O padrão irá considerar as seguintes dimensões:
Em posicionamento, o Todos Pela Educação destaca que, no texto aprovado pela Câmara, há carência de uma distinção clara entre os padrões mínimos de qualidade e o CAQ. Segundo a entidade, a formulação e revisão dos padrões de qualidade devem ser feitas com intervalo de tempo adequado, além de ser necessário promover um debate adequado para formulação da metodologia do CAQ.
O PLP 235/2019 propõe também a criação da Avaliação Nacional da Educação Básica, a ser coordenada pela União em colaboração com estados e municípios, abrangendo escolas públicas e privadas nas seguintes dimensões: gestão, infraestrutura, recursos e resultados de aprendizagem.
Prevista para ocorrer a cada dois anos, a avaliação terá o propósito fornecer subsídios para o planejamento de políticas públicas.
A Campanha, no posicionamento divulgado, classificou a retirada da palavra ‘Sistema' do texto aprovado na Câmara como um retrocesso ao avanço proposto pelo Sinaeb (Sistema Nacional de Avaliação da Educação Básica), prevista na Lei nº 13.005, que instituiu o atual PNE.
Segundo a entidade, o Sinaeb incorpora dimensões como qualidade, equidade, condições de oferta e contextos territoriais, por exemplo, o que amplia o conceito de avaliações para além dos testes padronizados.
Para o ensino superior, o PLP diz que os padrões de qualidade da etapa serão referência para a autorização de funcionamento de instituições e oferta de cursos, além de integrar a Avaliação Nacional da Educação Superior no nível de graduação.
Segundo matéria publicada na Agência Senado, outra proposta do PLP é que sejam realizadas avaliações nacionais próprias pela União, para nível de graduação e pós-graduação stricto sensu, que serão a base para regulação do MEC.
Segundo a matéria do O Globo citada acima, universidades e institutos de ensino apontam para o risco de perda de autonomia na proposta do SNE. Representantes do setor defendem, portanto, que o SNE seja aplicado apenas para a educação básica.
A entidade também defende que a definição do padrão mínimo de qualidade considere indicadores de acesso, permanência e aprendizagem, o dinamismo das evidências e o contexto educacional brasileiro.
Na segunda passagem pelo Senado, o PLP foi relatado pela senadora Professora Dorinha Seabra (União-TO), que resgatou alguns pontos retirados do texto original ao passar pela Câmara dos Deputados, segundo matéria da Agência Senado.
Entre os trechos retomados, que abordam temas como a educação de pessoas em situação de vulnerabilidade e a modalidade de educação em tempo integral, estão possíveis caminhos para o desenvolvimento de reportagens.

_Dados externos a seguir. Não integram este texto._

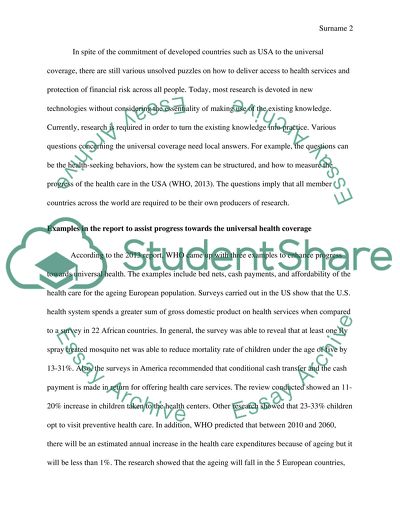 World health organization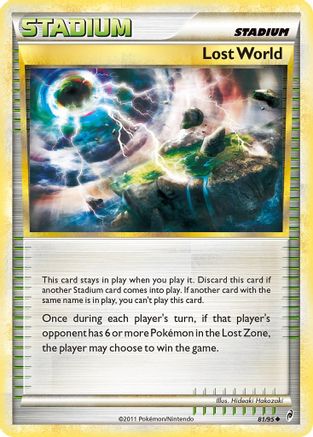 Lost World (81/95) Reverse Holofoil [Call of Legends] - Uncommon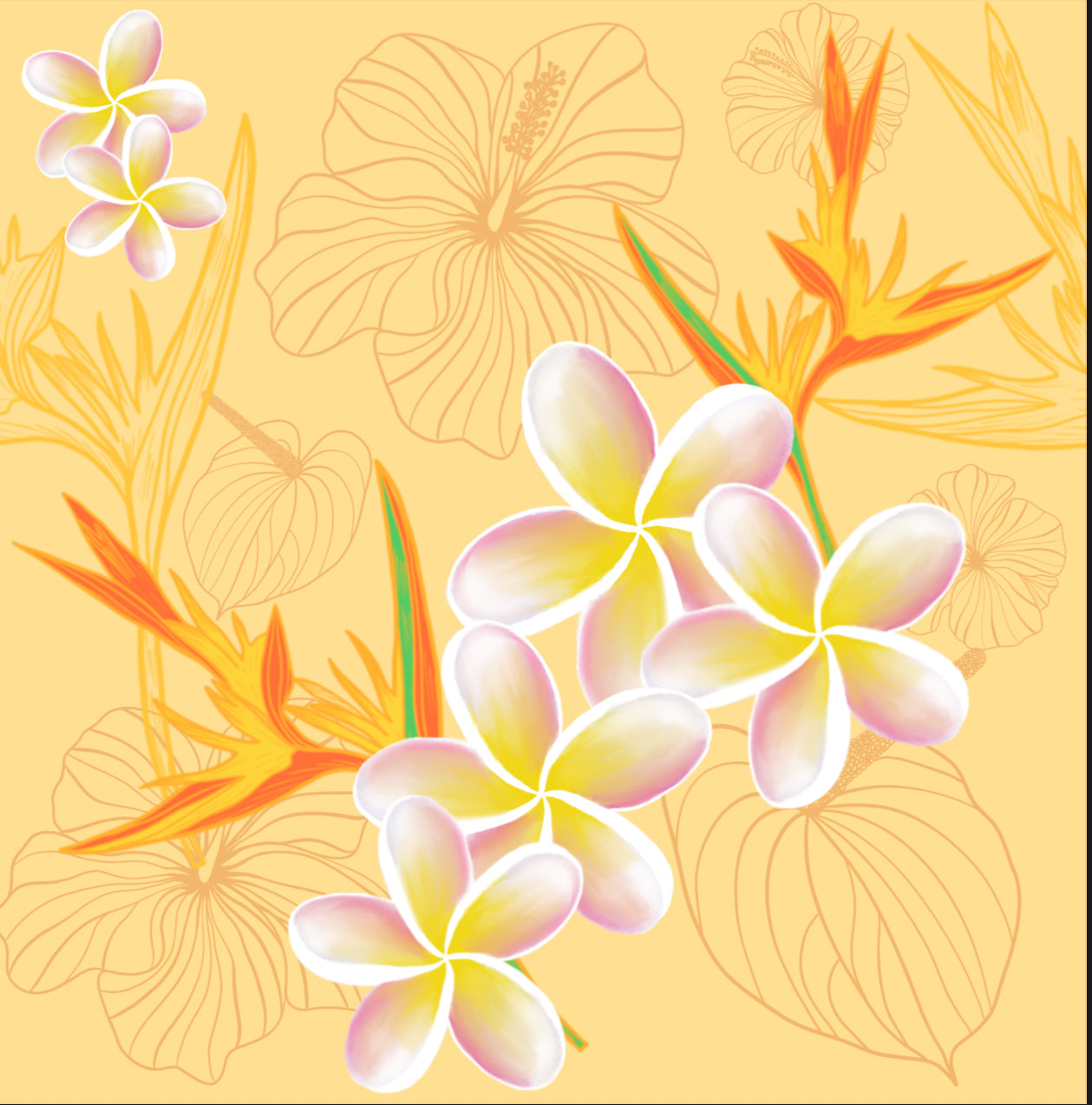 Tropical Floral Swaddle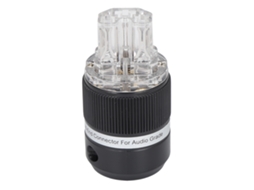 Conector de alimentação CA Monosaudio cobre puro banhado a ródio, 100-250V CHABERLU
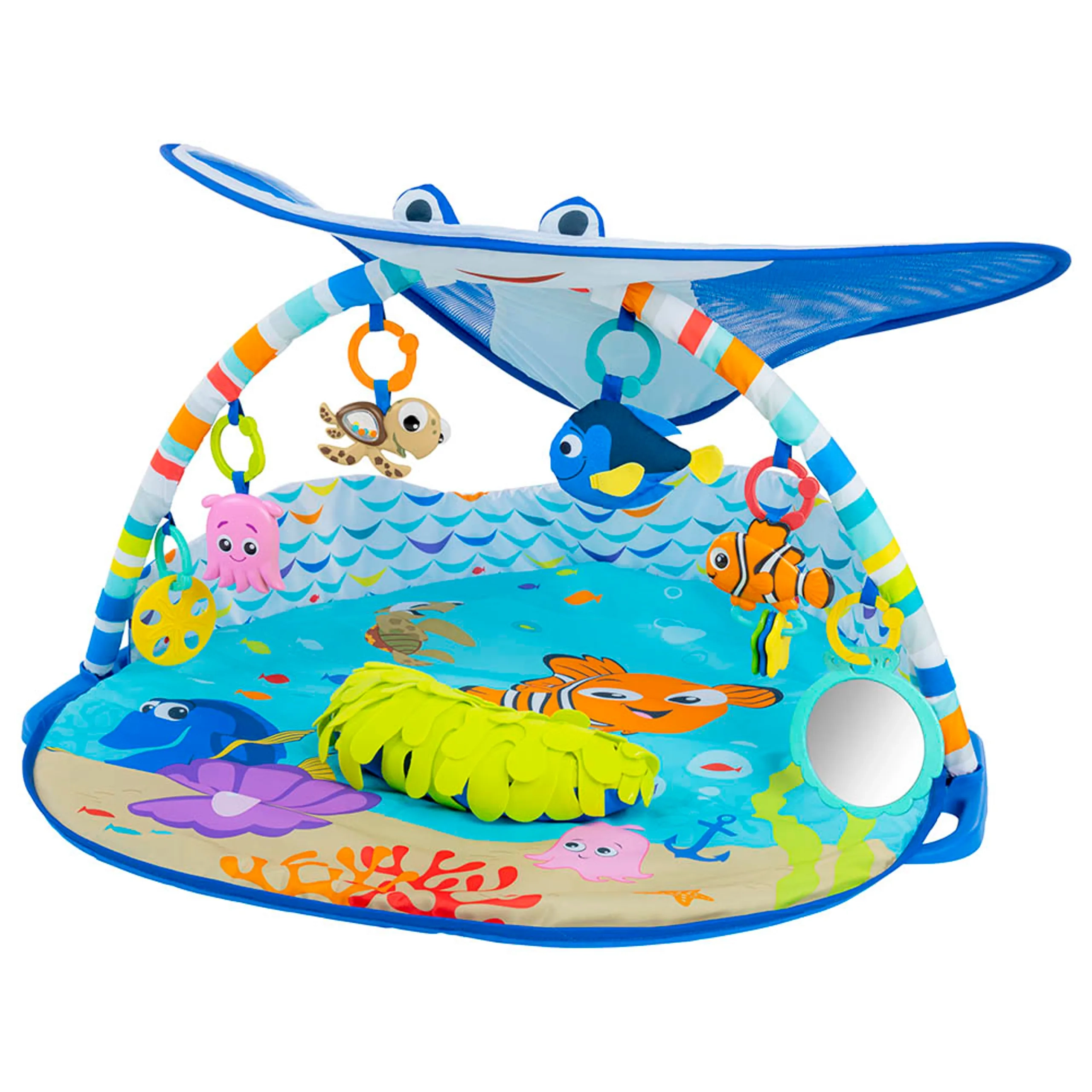 Bright Starts Finding Nemo Mr. Ray Ocean Lights & Music Gym - 0 month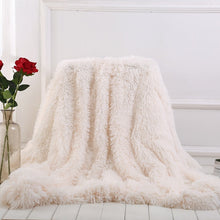 Load image into Gallery viewer, Elegant Cozy With Fluffy Sherpa Throw Blanket Bed Sofa Blanket Gift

Um dos pontos restituídos foi a colocação do acompanhamento da implementação da BNCC (Base Nacional Comum Curricular) como um dos objetivos do SNE. A União também volta a ter como função garantir a oferta, manutenção e desenvolvimento da educação escolar das populações do campo e comunidades indígenas e quilombolas.
Outros dois trechos resgatados garantem que os Conselhos de Educação tenham autonomia técnico-pedagógica, administrativa e financeira aos Conselhos de Educação e a ampliação progressiva da modalidade de Educação em Tempo Integral.